Countries Less Accepting of Migrants, Study Finds

The European Union announced on Wednesday plans to revamp its migration policies and create a comprehensive system across its 27 member states for handling refugees and asylum-seekers.

But will EU member countries accept the reforms? Newly released data from Gallup suggests citizens in many countries are becoming less tolerant of migrants, led by European nations on the frontlines of the recent years of refugee and asylum-seeker inflows.

Gallup’s updated Migrant Acceptance Index ranks North Macedonia, Hungary, Serbia, Croatia, Bosnia and Herzegovina and Montenegro — southeast European countries that along with Greece and Italy faced the initial waves of refugees — as the least-accepting countries for migrants. Other countries identified as the least-accepting for migrants include Latvia, Thailand, Slovakia and Turkey.

While Gallup placed some European countries as the least-accepting of migrants overall, the study’s authors point to Latin America as a source of the world generally becoming less tolerant of migrants in recent years.

“Many of the countries leading the global downturn have been on the receiving end of the mass exodus of Venezuelans fleeing the humanitarian crisis in their country,” write Neli Esipova, Julie Ray and Anita Pugliese.

[MORE: Pregnant Venezuelan Women Flood Colombia’s Hospitals]

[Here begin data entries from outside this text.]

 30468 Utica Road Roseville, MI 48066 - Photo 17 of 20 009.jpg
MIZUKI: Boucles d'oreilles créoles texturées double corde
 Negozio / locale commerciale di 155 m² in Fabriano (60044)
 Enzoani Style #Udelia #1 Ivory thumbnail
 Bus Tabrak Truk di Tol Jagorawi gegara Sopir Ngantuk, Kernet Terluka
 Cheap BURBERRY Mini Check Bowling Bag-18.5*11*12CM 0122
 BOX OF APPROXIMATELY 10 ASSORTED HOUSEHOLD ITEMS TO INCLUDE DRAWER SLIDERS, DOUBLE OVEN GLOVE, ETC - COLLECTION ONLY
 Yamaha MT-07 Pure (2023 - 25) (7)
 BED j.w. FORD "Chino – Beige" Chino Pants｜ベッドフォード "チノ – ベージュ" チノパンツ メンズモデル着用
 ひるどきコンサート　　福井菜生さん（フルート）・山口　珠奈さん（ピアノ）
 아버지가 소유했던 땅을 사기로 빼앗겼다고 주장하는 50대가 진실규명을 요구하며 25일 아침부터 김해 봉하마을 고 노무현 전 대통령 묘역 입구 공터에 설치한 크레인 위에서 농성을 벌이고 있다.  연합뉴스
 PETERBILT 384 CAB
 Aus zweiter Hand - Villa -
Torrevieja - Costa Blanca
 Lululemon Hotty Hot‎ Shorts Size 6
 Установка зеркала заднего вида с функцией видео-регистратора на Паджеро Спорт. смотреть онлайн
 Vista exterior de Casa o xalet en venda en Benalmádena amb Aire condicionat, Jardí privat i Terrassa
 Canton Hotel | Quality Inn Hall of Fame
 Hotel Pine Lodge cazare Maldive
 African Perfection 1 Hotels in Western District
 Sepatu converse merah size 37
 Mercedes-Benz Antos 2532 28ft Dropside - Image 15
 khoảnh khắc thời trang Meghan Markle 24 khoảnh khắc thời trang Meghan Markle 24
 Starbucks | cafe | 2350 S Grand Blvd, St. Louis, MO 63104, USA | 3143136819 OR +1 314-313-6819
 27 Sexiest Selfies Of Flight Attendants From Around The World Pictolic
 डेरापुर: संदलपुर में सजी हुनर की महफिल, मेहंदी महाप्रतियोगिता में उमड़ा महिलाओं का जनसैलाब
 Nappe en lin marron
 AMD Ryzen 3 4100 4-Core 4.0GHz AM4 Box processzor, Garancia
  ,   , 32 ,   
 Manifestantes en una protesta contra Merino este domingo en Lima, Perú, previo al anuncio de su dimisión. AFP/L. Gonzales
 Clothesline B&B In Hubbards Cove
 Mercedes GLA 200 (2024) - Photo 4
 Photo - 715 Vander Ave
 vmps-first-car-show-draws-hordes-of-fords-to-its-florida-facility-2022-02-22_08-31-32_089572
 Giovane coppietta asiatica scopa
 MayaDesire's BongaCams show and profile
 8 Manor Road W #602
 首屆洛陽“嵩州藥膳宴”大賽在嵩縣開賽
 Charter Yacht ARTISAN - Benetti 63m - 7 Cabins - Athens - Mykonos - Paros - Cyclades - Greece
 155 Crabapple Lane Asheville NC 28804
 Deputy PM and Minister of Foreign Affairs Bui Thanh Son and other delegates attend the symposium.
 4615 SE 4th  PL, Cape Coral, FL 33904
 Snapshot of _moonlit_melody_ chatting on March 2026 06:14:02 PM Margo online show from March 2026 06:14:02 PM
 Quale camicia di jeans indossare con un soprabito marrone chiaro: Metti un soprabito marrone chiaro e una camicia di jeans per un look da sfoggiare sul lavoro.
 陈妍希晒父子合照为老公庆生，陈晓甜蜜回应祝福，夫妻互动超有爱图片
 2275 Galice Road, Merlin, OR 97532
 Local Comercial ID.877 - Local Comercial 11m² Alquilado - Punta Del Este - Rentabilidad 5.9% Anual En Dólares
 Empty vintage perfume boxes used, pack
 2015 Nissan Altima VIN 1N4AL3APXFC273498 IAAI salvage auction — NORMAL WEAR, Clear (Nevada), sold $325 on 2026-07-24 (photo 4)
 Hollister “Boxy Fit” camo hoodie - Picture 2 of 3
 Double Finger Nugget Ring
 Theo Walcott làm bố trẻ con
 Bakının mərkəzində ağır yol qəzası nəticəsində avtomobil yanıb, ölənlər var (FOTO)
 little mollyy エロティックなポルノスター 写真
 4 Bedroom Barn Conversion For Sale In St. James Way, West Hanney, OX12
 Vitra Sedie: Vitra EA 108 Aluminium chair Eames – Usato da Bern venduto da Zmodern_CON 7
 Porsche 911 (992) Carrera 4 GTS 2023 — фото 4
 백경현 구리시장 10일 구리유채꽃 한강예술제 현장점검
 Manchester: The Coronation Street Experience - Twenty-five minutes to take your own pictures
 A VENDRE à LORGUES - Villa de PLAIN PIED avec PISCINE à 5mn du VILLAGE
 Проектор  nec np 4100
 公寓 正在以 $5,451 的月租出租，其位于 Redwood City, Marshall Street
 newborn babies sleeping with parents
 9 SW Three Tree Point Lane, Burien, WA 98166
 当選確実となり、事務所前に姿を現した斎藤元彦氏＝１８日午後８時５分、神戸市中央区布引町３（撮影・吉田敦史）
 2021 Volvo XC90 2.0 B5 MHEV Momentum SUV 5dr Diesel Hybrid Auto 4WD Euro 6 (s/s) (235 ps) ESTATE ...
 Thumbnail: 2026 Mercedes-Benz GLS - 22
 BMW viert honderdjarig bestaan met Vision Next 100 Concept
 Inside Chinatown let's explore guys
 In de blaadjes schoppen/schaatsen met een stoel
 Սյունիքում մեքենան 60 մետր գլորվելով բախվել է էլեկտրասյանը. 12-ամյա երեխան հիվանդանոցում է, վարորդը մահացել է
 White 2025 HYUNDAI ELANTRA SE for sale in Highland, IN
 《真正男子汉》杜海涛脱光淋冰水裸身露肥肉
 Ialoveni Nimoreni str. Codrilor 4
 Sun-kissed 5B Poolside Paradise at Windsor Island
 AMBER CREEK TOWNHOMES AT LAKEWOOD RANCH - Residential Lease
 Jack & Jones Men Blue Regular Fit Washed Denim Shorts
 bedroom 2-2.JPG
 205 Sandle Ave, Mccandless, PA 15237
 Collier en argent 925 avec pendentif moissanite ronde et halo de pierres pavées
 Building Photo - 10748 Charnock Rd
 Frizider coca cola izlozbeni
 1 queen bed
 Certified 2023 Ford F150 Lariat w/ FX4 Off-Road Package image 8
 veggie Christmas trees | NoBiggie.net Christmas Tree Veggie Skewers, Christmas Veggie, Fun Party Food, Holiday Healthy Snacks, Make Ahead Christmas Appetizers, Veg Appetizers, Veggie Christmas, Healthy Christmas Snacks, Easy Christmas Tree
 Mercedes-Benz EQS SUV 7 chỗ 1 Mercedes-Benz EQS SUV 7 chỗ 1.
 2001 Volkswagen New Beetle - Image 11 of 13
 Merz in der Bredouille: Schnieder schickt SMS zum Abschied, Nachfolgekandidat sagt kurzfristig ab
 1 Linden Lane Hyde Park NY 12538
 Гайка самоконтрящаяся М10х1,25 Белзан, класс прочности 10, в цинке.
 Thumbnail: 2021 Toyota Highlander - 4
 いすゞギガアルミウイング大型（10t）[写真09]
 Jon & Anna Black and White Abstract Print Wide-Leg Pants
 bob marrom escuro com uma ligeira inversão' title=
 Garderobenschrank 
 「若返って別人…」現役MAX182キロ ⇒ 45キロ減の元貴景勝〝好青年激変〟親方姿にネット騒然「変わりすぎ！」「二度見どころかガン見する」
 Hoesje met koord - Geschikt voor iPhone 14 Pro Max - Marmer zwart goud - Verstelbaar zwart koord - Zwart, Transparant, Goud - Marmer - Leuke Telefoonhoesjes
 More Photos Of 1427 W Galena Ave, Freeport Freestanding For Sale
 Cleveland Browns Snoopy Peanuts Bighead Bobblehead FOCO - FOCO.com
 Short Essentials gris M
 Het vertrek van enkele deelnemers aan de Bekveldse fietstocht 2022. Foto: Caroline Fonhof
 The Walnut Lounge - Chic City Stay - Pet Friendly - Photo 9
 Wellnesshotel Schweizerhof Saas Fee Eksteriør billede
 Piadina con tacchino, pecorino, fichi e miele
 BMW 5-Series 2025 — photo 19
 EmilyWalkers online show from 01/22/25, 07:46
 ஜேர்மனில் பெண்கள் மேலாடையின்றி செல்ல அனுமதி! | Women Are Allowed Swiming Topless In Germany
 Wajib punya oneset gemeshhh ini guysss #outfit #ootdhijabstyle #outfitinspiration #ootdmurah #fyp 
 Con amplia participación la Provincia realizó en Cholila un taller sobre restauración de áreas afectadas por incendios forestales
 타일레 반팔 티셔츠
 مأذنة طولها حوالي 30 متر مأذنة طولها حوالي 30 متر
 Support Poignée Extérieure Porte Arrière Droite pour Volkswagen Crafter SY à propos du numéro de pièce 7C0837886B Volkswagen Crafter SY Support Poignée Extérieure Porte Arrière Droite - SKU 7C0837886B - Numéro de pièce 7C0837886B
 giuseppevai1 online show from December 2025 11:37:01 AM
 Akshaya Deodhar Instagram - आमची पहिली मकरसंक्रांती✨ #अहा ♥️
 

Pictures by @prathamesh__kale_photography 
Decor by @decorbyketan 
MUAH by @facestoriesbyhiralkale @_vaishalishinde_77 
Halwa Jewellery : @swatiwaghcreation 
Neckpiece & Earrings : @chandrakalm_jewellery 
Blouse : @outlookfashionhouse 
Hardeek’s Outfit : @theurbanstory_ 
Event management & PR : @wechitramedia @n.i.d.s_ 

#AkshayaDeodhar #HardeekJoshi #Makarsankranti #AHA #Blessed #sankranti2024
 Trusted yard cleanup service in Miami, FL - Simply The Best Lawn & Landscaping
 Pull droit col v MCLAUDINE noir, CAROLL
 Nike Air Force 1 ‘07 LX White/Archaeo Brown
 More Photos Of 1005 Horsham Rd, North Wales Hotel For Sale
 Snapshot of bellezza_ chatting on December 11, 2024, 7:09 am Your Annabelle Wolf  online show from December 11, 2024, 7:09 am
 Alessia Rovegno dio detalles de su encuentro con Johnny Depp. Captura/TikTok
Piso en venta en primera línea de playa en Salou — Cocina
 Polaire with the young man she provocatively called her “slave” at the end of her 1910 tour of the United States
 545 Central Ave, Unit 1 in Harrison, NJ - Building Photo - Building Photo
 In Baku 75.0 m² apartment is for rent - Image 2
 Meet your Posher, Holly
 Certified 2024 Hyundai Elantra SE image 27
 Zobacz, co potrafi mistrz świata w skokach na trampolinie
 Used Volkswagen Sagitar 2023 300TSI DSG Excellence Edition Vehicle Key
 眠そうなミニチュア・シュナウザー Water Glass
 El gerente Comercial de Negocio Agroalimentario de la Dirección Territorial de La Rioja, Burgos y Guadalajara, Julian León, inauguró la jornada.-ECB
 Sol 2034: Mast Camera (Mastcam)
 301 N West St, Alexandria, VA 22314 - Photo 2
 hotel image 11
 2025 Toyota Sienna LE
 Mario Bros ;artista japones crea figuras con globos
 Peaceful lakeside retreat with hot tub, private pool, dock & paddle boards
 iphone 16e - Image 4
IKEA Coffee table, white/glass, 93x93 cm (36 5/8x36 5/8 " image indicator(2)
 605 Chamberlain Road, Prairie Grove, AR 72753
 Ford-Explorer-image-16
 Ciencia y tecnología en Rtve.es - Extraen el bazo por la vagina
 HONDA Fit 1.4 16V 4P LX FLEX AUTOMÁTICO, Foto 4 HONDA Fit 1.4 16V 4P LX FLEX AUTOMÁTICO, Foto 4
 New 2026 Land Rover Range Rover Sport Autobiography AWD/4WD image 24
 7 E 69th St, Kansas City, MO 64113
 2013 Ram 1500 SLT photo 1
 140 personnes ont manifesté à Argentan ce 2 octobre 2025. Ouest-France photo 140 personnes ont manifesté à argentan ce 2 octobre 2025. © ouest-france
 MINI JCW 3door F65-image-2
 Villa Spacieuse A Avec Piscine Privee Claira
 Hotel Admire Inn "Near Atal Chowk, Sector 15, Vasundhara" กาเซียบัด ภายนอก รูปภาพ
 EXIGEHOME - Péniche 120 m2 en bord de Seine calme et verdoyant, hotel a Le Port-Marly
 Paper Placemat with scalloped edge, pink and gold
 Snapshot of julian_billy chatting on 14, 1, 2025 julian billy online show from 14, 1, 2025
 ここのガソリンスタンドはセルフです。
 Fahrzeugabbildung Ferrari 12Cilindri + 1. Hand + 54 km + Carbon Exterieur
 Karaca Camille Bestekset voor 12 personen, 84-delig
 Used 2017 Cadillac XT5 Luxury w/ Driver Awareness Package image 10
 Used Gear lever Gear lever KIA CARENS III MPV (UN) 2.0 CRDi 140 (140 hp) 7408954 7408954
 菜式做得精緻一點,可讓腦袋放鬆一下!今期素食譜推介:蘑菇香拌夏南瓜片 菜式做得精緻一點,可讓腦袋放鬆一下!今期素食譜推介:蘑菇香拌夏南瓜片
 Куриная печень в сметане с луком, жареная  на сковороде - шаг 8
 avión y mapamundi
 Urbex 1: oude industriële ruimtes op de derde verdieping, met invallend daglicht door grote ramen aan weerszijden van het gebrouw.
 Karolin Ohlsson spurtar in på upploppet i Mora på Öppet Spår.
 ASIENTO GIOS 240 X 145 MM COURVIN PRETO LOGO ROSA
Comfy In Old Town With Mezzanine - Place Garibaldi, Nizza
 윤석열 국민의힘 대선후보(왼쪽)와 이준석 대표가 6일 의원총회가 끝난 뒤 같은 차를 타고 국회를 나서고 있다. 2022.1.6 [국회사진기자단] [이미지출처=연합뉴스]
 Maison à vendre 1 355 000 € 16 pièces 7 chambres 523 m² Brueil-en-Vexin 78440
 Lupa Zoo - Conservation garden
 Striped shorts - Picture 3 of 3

Scores also declined in India, the study found, a nation where controversial laws went into effect in late 2019 that provided paths to citizenship for migrants — excluding Muslims.

Conversely, the Gallup index ranked Canada as the most-accepting country for migrants, followed by Iceland, New Zealand, Australia and Sierra Leone. Perhaps surprisingly, the United States, a country riven by immigration politics, was ranked as the sixth most-accepting country for migrants, followed by Burkina Faso, Sweden, Chad, Ireland and Rwanda.

Acceptance of migrants did increase in some parts of the world, the Gallup study noted. Moldova registered the largest increase in acceptance in the Gallup index, followed, by Pakistan, Chile, Afghanistan and Kosovo. The Gallup study also noted that attitudes toward migrants noticeably improved in Poland, one of many EU countries that opposed the United Nations’ migration pact in 2018.

Gallup’s migration index authors say the ranking is based on three questions that Gallup asked survey respondents in 140 countries in 2016 and 2017 and updated again in 145 countries in 2019. The questions asked whether people think migrants living in their country, becoming their neighbors and marrying into their families are good things or bad things.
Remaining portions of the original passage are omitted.